The school, better known as Andover after the Massachusetts town in which it is located, had held its 130th commencement earlier that June day under what the local newspaper described as “perfect skies.” Diplomas had been handed out to 81 young men, about half of whom were going on to Yale, while most of the rest were headed to Harvard and a smattering of other private colleges. The event capped a year in which Andover even beat archrival Exeter in baseball after a sixth-inning comeback.

But when the meal was over, Alumni Association President Henry L. Stimson made a solemn proclamation. Andover, he observed in the annual alumni address, was at “one of those turning points of life in which the entire future of institutions, as of men, lies in the balance.”

Schools like Andover, he said, sat between two trends. On one side, the rapid rise of the public high school meant more young men could prepare for college tuition-free without leaving home. On the other, the growth of the nation’s universities meant they were no longer cozy places that fostered moral development, but had become purely academic institutions in which students pursued their own interests.

Given that, he asserted, the residential high school remained the one place where young men could learn not just subject matter, but also the values of modesty, democracy, and faith. If “our boys are not to lose this invaluable social training,” said Stimson, who would later become the U.S. secretary of state and of war, “it is our schools or at least to some of them, that we must look for its perpetuation.”

Although Stimson’s speech was ultimately a pitch for donations, the school was indeed at a watershed. Over the next 25 years, the academy constructed a new campus that still easily outshines those of many of the country’s most prominent colleges. At the same time, it built an already outstanding academic program into one that few other schools in the country could match. In doing so, it became what many people now view as the quintessential American boarding school.

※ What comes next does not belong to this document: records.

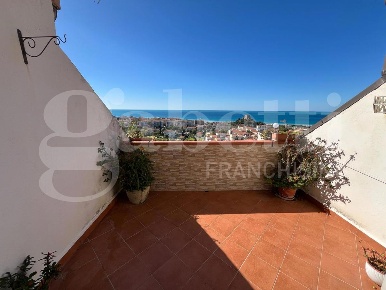 Foto Appartamento in Via G. Pezzotti 1, Scalea Monticello, Piano Lettieri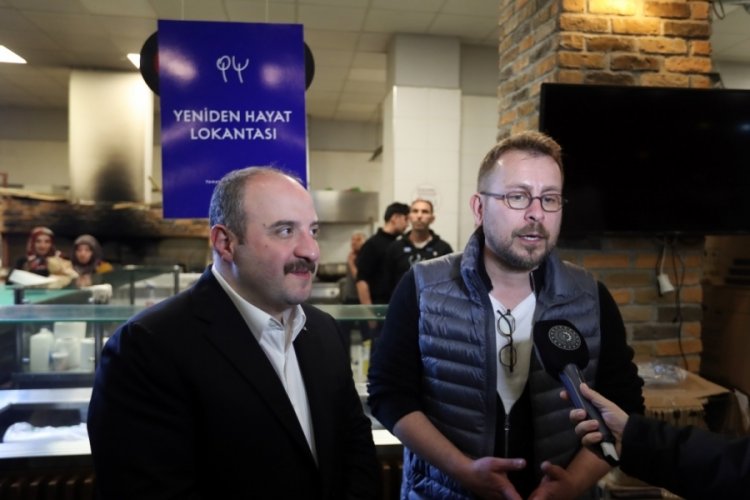 Bakan Varank depremzedeleri ziyaret i&ccedil;in Elbistan'da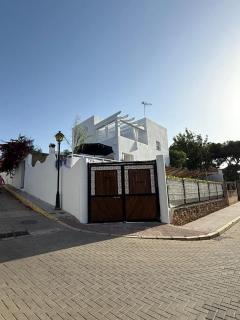 Charming Chalet in Punta Umbría with Private Pool - Punta Umbría - 0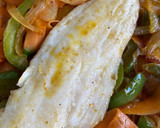 Foto del paso 6 de la receta: Merluza a la plancha en cama de verduras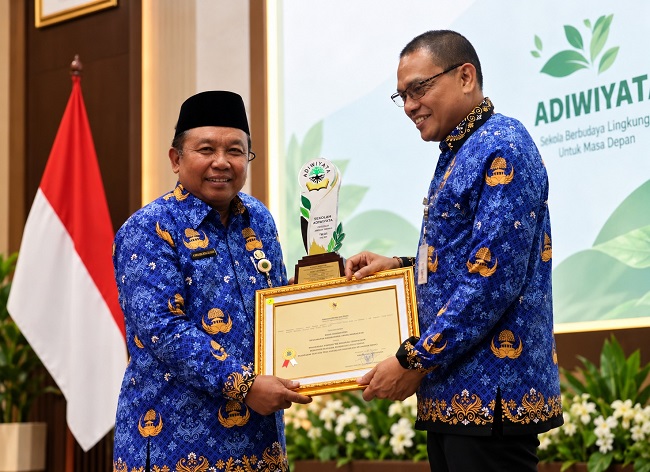 Raih Juara 3, MAN 1 Surakarta Ukir Prestasi Adiwiyata Tingkat Provinsi Jawa Tengah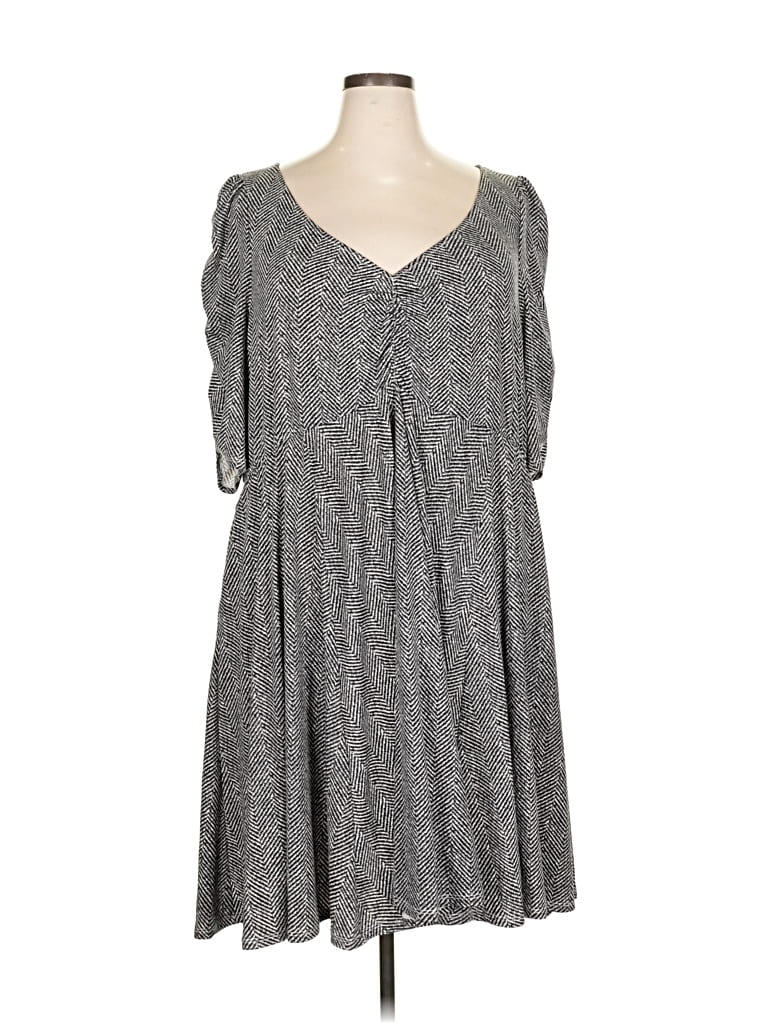 Pre-owned Torrid Casual Dress In Gray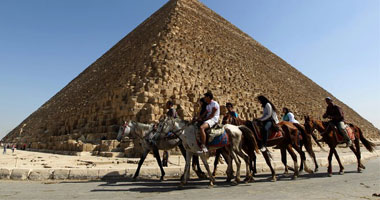  فريق شبابى يقدم خطة متكاملة لتنشيط السياحة المصرية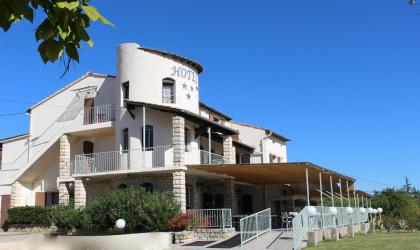 SAS Hôtel de vacances - Hôtel de Vacances en Ardèche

Today, Andover remains an institution with few peers. Its 450-acre campus includes art and archaeology museums, an arboretum, and a radio station. The vast majority of faculty members hold graduate degrees in their academic specialties, and its 1,080 students in grades 9-12 enjoy an average class size of 14. But all that comes at a price. Tuition and board run $24,500 a year--steeper than what many colleges charge--though 40 percent of students here benefit from one of the largest financial-aid budgets in private education.

Andover enjoys so many advantages that it’s easy to judge the school as insular, even irrelevant. To be sure, within the membership of the National Association of Independent Schools, boarding students make up only about 10 percent of total enrollment.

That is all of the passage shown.